La fin d’après-midi dominicale du 14 mai marquait donc la clôture de cette belle saison fondée par Thibaut Garcia et consacrée à son instrument favori. Le grand guitariste Rémi Jousselme en était l’invité vedette, ainsi qu’un jeune élève issu du Conservatoire à Rayonnement Régional de Toulouse, Guillem Louvet. Le public, toujours passionné et fervent a pu découvrir un programme riche et original défendu par deux artistes de grands talents.
Rappelons la belle tradition de cette série qui consiste à confier le première partie du concert à un jeune guitariste en formation. Ce jour-là, cette première partie est animé, et de quelle façon, par Guillem Louvet, jeune élève de 17 ans, passionné et talentueux. Il commence à jouer de la guitare à l’âge de 7 ans, au conservatoire de Pamiers avec Laurence Mercier. Il étudie avec Benoît Albert au CRR de Toulouse. En février 2023, comme l’indique Thibaut Garcia lors de son introduction, il vient de réussir le concours d’entrée au Conservatoire National Supérieur de Musique et de Danse de Paris.
Ce jeune guitariste révèle dès ses premières notes une impressionnante maturité musicale, au-delà même d’une excellence instrumentale. Son jeu, techniquement parfait, s’accompagne d’un sens des nuances, d’une profondeur expressive qui sont l’apanage des musiciens authentiques.

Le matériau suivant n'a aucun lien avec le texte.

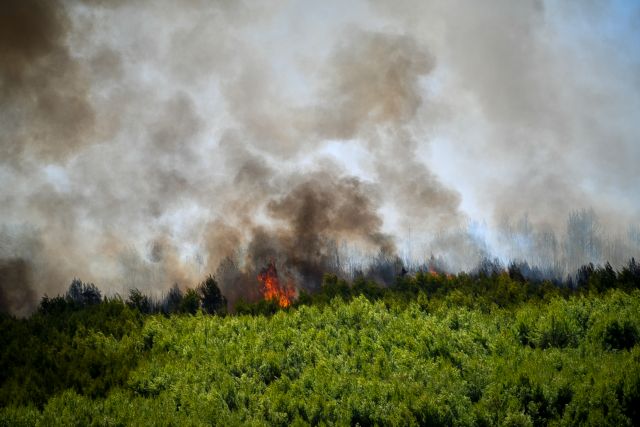 Φωτιά σε Άρτα και Κρήτη - Κινητοποιήθηκαν επίγειες και εναέριες δυνάμεις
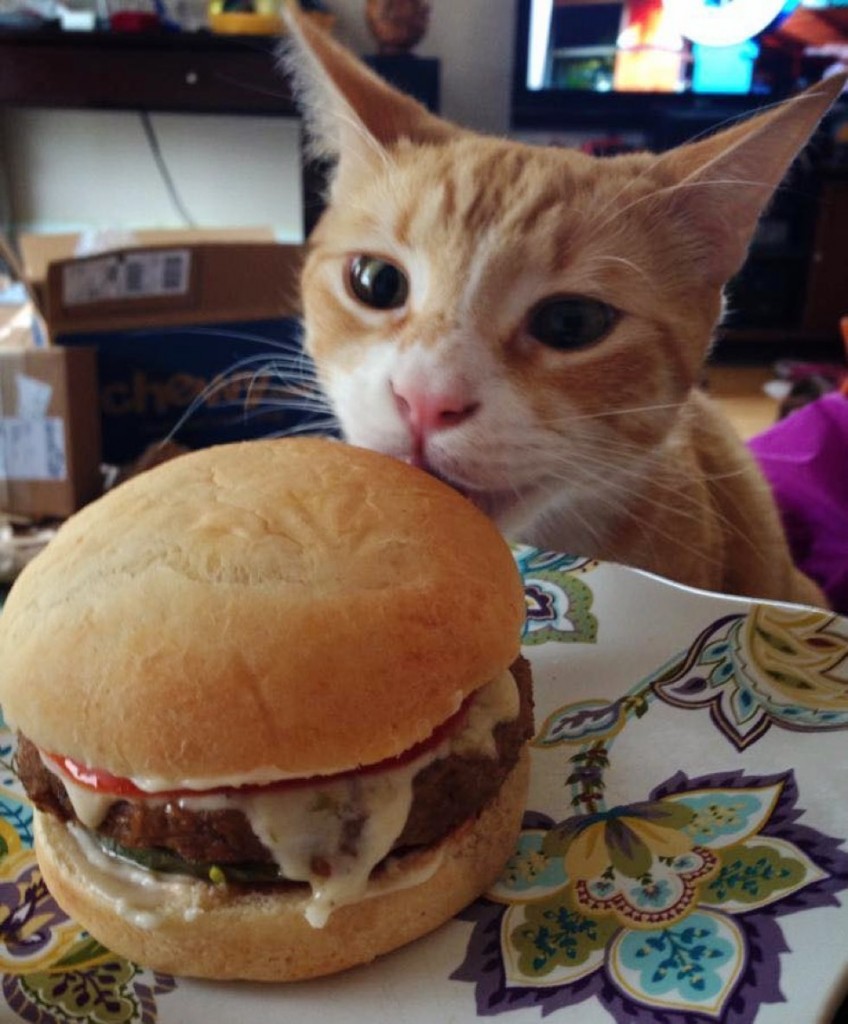 ハンバーガーにかぶりつく猫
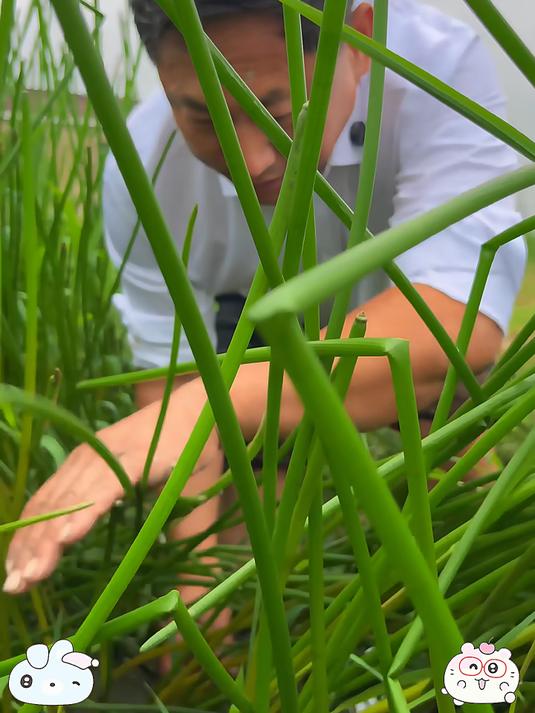 荸荠又叫马蹄它到时是水果还是蔬菜s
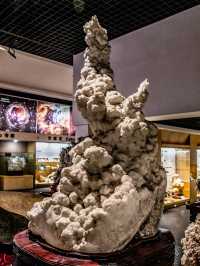 巧奪天工的奇石展 | 上海東方地質科普館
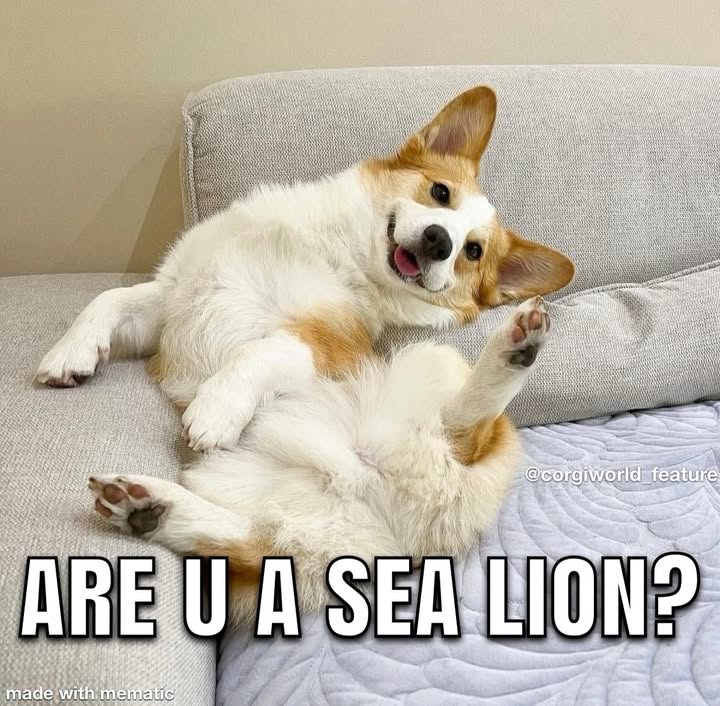 JosephineK1761's tweet image. ARE U A SEA LION?
made with mematic
#CorgiPuppy #CorgiVibes #Corgiinator #HappyCorgi #CorgiStyle #PrincessWelshCorgi
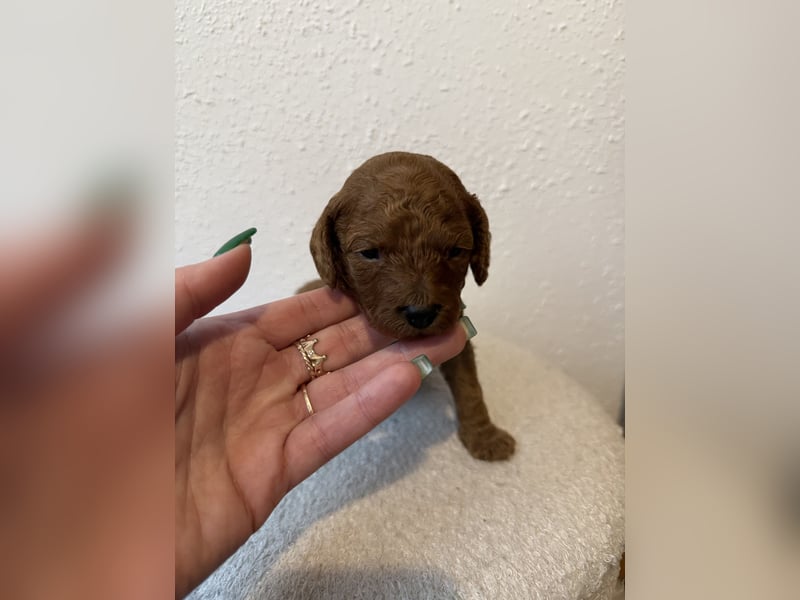 Kleine Toy Pudel rot braun (asiatische Linie)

Son programme reflète l’ouverture de son jeune répertoire. Une touchante poésie s’exprime dans la Fantaisie du luthiste de la Renaissance Albert de Rippe, dans un arrangement de son élève Guillaume Morlave. L’Introduction et Rondo brillant op. 11 du compositeur romantique Johann Kaspar Mertz met en évidence la musicalité virtuose du jeune guitariste. Avec le Scherzo op. 47 du compositeur catalan d’aujourd’hui Salvador Brotons, Guillem Louvet démontre son ouverture d’esprit dans une pièce au langage délibérément actuel. Outre la virtuosité digitale dont l’interprète est capable, la recherche de sonorités nouvelles ne lui pose aucun problème. L’ovation qui suit en dit long sur l’impact de sa prestation auprès d’un public passionné !
Rémi Jousselme, tout auréolé de nombreuses récompenses internationales dont le prestigieux Printemps de la Guitare en Belgique, présente ensuite un programme exigeant, ouvert et intelligemment composé. Comme il l’indique au cours de sa prestation, le guitariste alterne des œuvres de culture espagnole et des pièces de musique française.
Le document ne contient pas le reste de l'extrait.